Should protesters be allowed to carry guns? | The Tylt
Should protesters be allowed to carry guns?
Guns are too dangerous to have at a protest. American politics is becoming increasingly polarized. Demonstrations and counter-demonstrations continue to devolve into street battles. Having armed protesters present is a recipe for disaster.
During the demonstrations at Charlottesville, the National Guard had to mark their uniforms with "MP" to differentiate themselves from the armed militias. These militias claim they weren't there for either side. They were there to protect the First Amendment and everyone's right to free speech. In a similar vein, militia groups across the U.S. have appeared at political protests to protect protesters on both the left and the right.
When white supremacists carry guns to their demonstrations, it’s not even clear what “expressive” message they’re trying to convey. But whatever they might be saying with their guns, cities, towns and universities have the right—the responsibility—to protect all citizens, and the First Amendment rights of all. In this way, public safety and the First Amendment are powerfully linked. Those vital interests should be enough to justify a ban on openly carrying weapons during these demonstrations, especially since we now know that the conduct can chill not only the counter-demonstrators, but even the police. If they’re afraid to do their jobs, the First Amendment is indeed a hollow guarantee.

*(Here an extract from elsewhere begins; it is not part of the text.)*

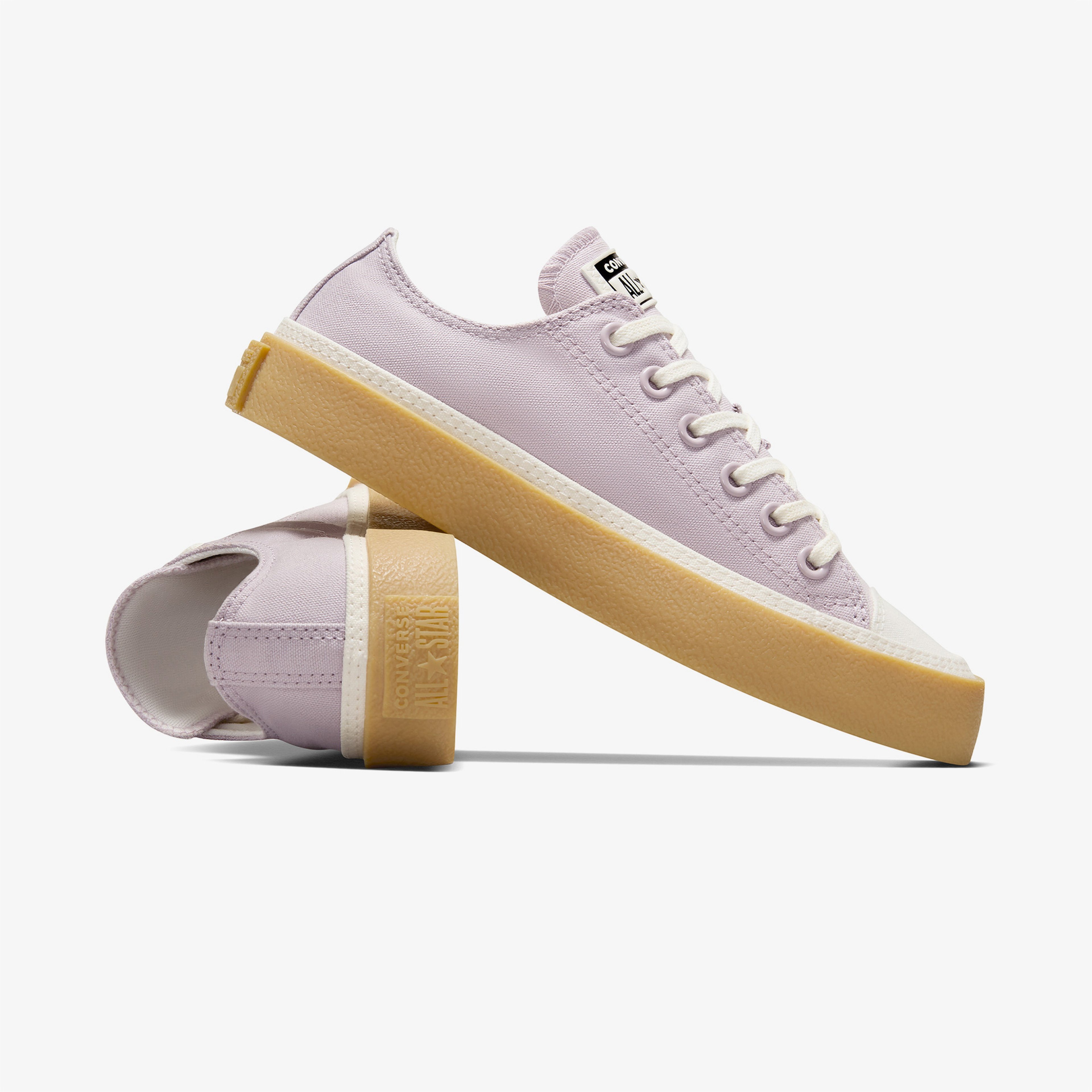 Converse Chuck Taylor All Star Retro Rubber Kadın Mor Sneaker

Others point out the left is freaking out over guns because they always freak out over guns. Have any of the heavily armed militiamen harmed anyone with their weapons? In Boston, Houston, Charlottesville and all the other places where people can open carry, not a single bullet was fired. People are attacking each other with sticks, cars, bottles, rocks and anything else they can get their hands on. But not guns.
At another level, constitutional rights do not end simply because there's a protest going on. Like it or not, lawmakers have to balance public safety with the rights enshrined in the Constitution. Bearing arms is one of those rights.
Beth Baumann at The Blaze argues people are bringing weapons as a means of self-defense. People who open carry are typically experienced gun owners. They're only seeking to protect themselves.
The idea is simple: Those who carry don’t want to ever have to shoot someone. But they’re not willing to risk their lives or the lives of their loved ones in order to be politically correct.
Carriers aren’t looking to intimidate others or keep them from expressing their political opinions. They’re carrying their firearm in case situation turns violent and they need to defend themselves.